Short descriptive text snippets:
########################################

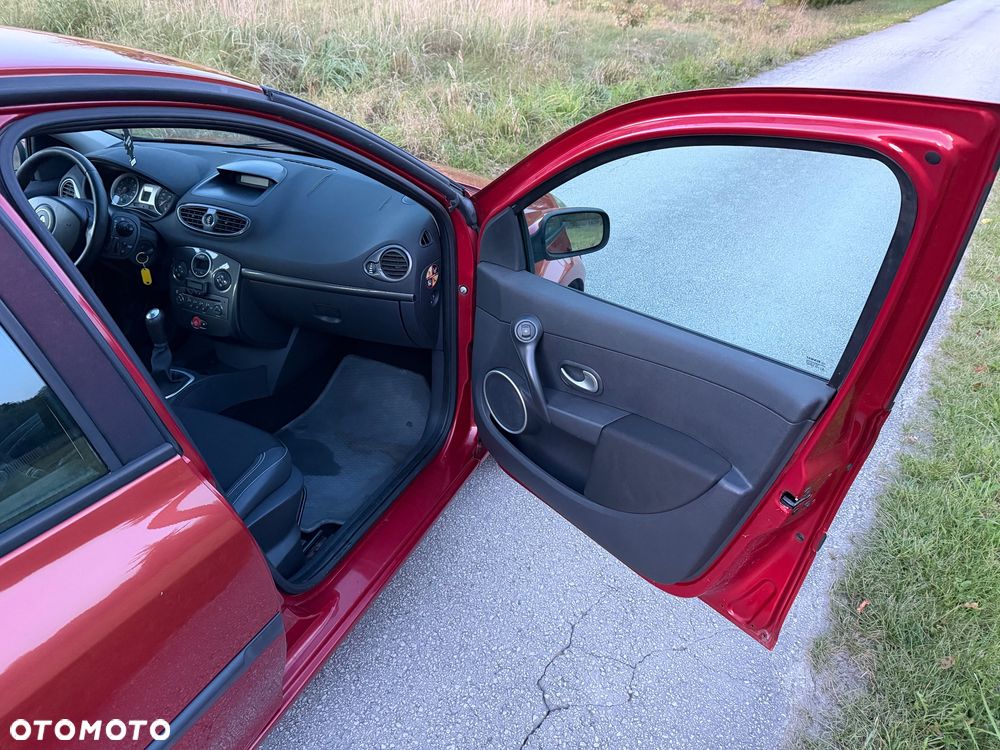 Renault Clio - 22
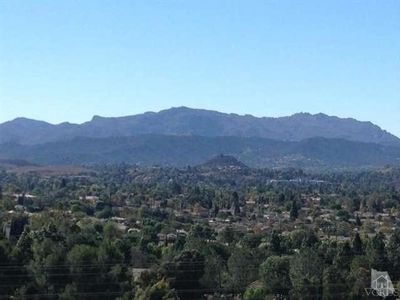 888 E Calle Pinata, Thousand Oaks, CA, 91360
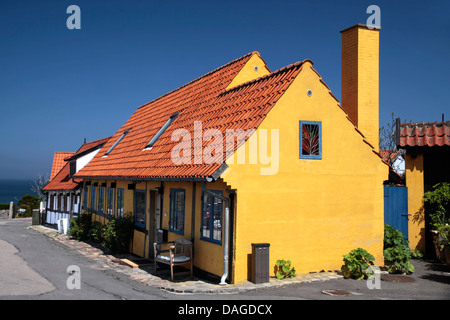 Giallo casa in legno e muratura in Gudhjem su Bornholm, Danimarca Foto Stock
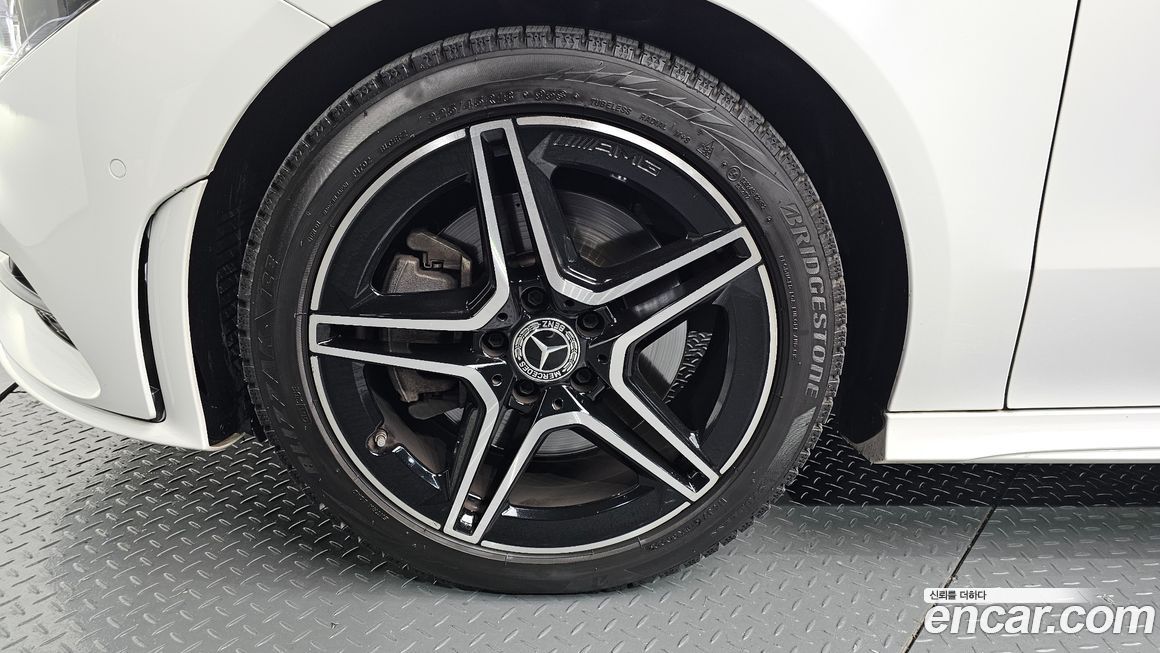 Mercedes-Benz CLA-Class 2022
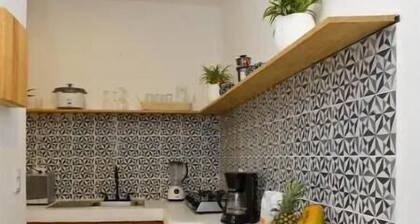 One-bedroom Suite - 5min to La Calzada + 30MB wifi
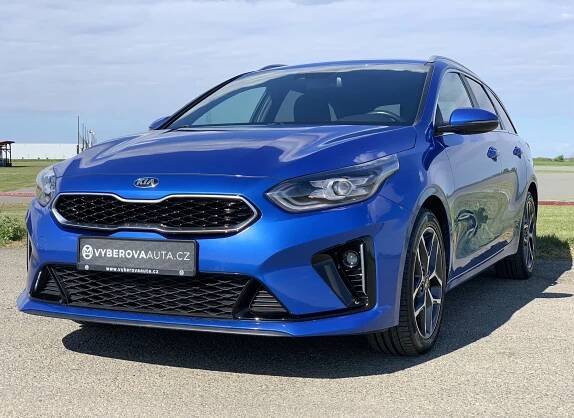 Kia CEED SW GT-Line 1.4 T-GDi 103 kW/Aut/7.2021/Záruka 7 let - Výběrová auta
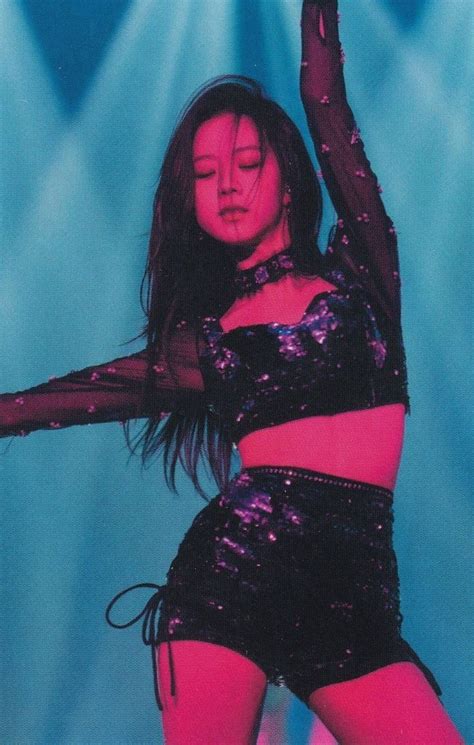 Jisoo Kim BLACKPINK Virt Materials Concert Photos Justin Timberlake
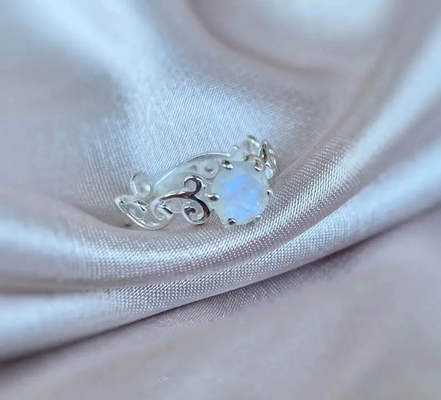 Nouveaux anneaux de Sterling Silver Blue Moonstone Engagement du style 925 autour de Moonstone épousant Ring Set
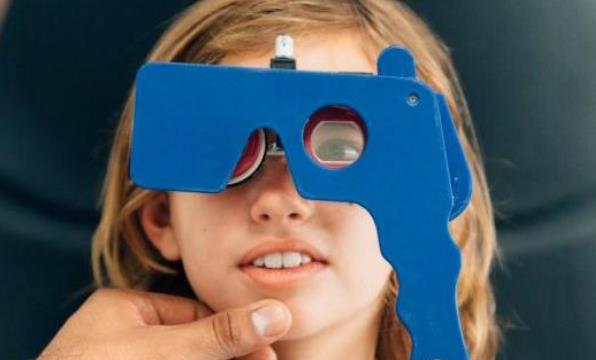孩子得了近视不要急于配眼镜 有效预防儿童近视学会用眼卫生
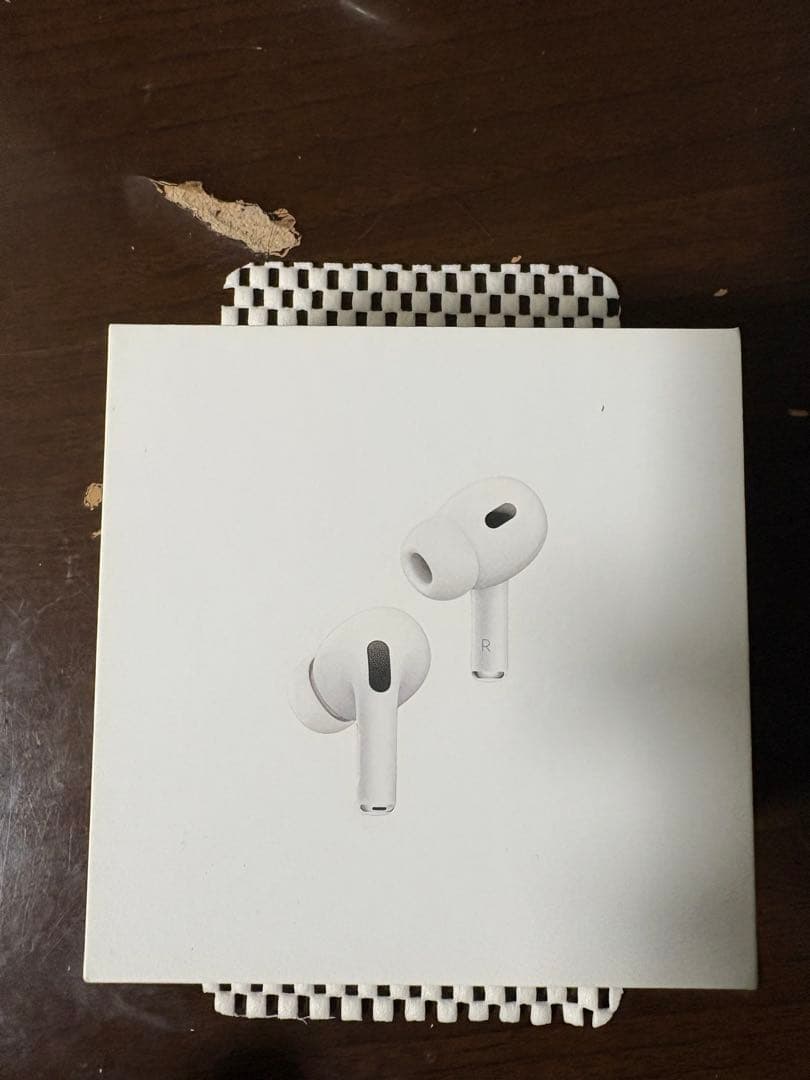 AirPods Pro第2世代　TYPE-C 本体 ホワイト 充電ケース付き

########################################

Set down all entries above again, exactly, without images.

*Result*.
 Renault Clio - 22
 888 E Calle Pinata, Thousand Oaks, CA, 91360
 Giallo casa in legno e muratura in Gudhjem su Bornholm, Danimarca Foto Stock
 Mercedes-Benz CLA-Class 2022
 One-bedroom Suite - 5min to La Calzada + 30MB wifi
 Kia CEED SW GT-Line 1.4 T-GDi 103 kW/Aut/7.2021/Záruka 7 let - Výběrová auta
 Jisoo Kim BLACKPINK Virt Materials Concert Photos Justin Timberlake
 Nouveaux anneaux de Sterling Silver Blue Moonstone Engagement du style 925 autour de Moonstone épousant Ring Set
孩子得了近视不要急于配眼镜 有效预防儿童近视学会用眼卫生
 AirPods Pro第2世代　TYPE-C 本体 ホワイト 充電ケース付き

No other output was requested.